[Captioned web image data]

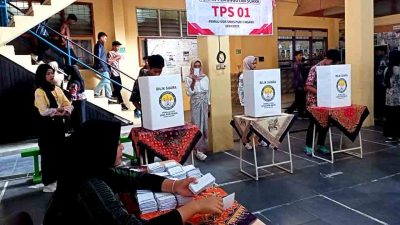 Wujudkan Demokrasi, Pemilihan Ketua Osis Smks Pgri 1 Ngawi Ala Pemilu 2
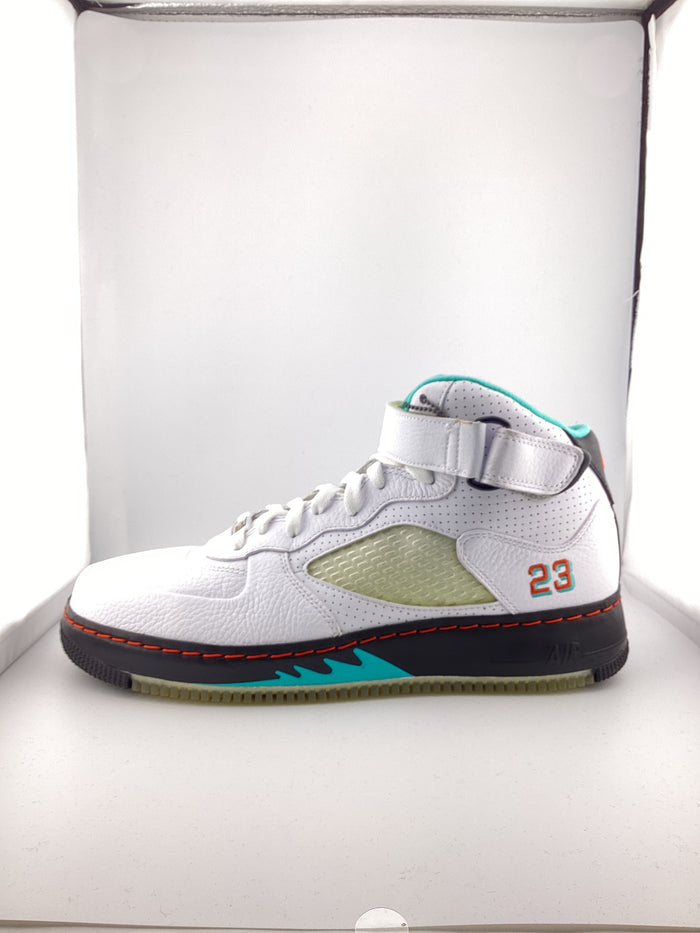 Jordan 5 Fusion Teal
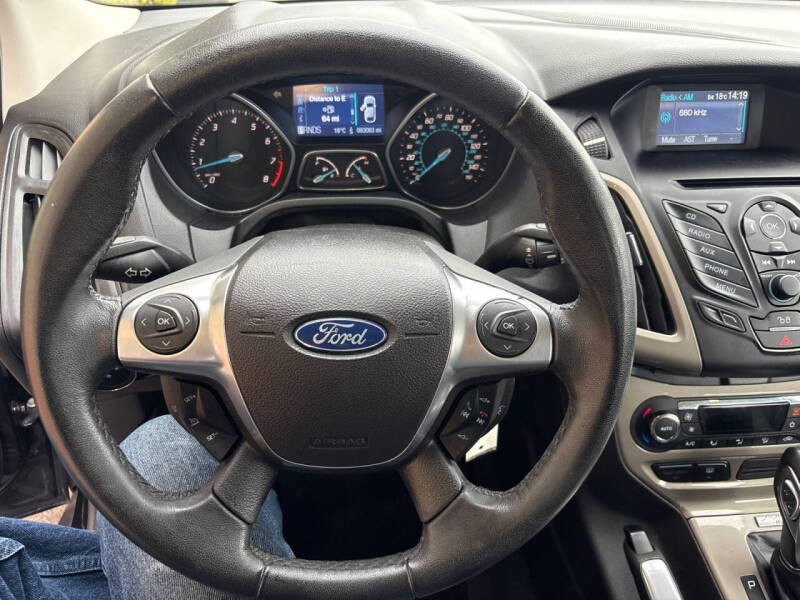 2012 Ford Focus SEL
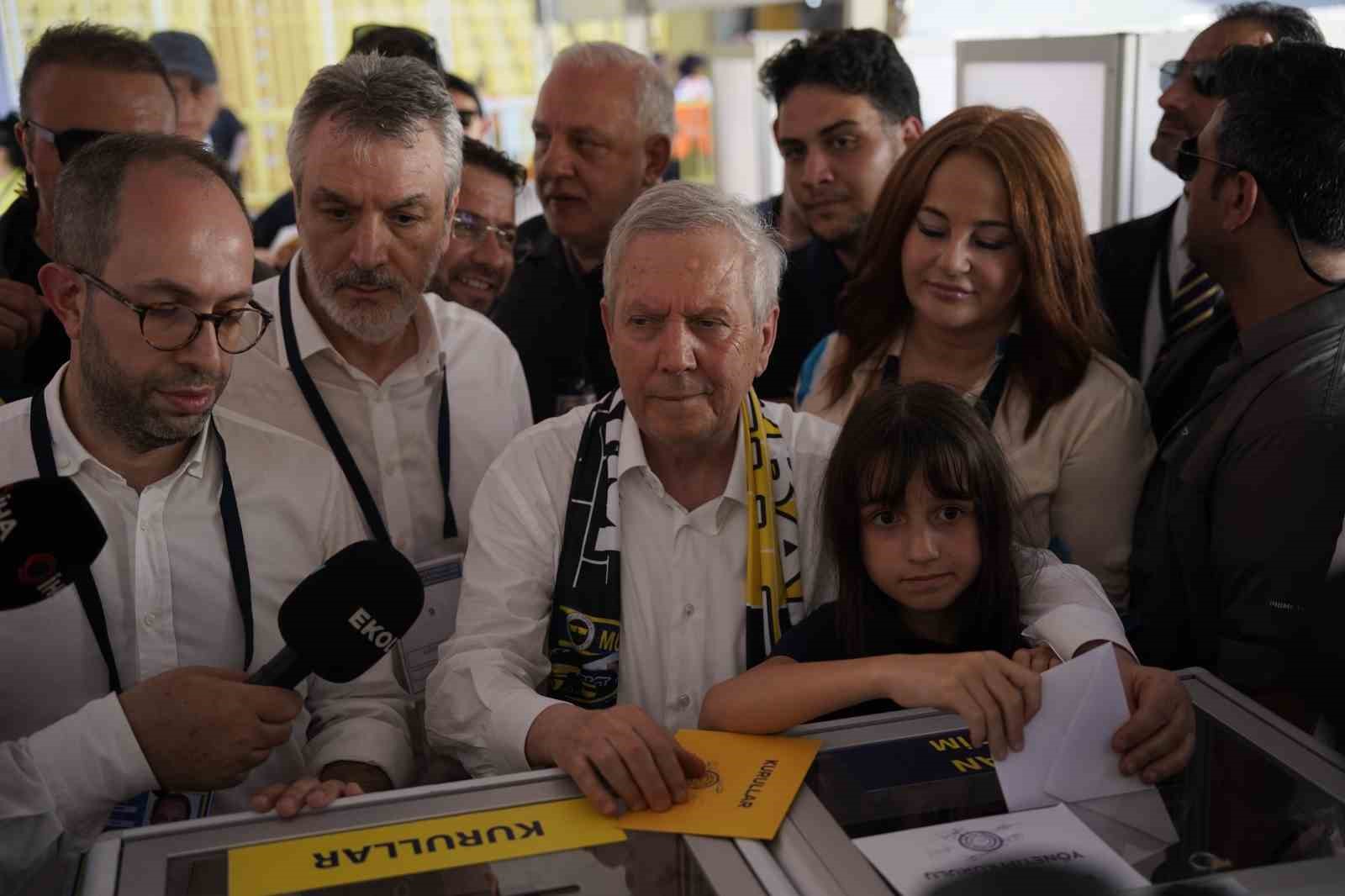 Aziz Yıldırım oyunu kullandı
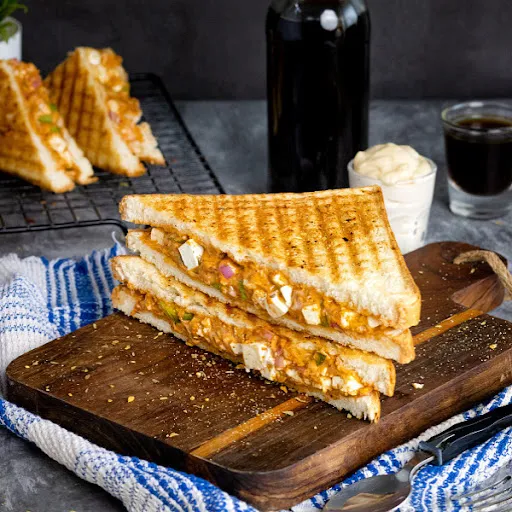 Tandoori Paneer Grill Sandwich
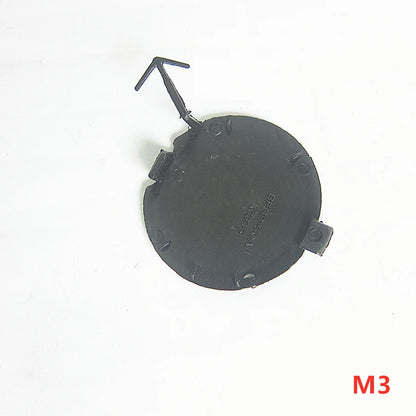 Cubierta Tapa Moldura de gancho de remolque de parachoques delantero para Mazda 3 2008 2009 2010 2011 2012 BK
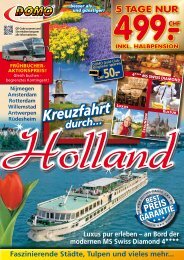 Holland - Domo Reisen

Work to be completed:
Would you write out exactly the lines of the data from the one holding "2012 Ford Focus SEL" to the final line, both included, with pictures left out?

Task response:
 2012 Ford Focus SEL
 Aziz Yıldırım oyunu kullandı
 Tandoori Paneer Grill Sandwich
 Cubierta Tapa Moldura de gancho de remolque de parachoques delantero para Mazda 3 2008 2009 2010 2011 2012 BK
 Holland - Domo Reisen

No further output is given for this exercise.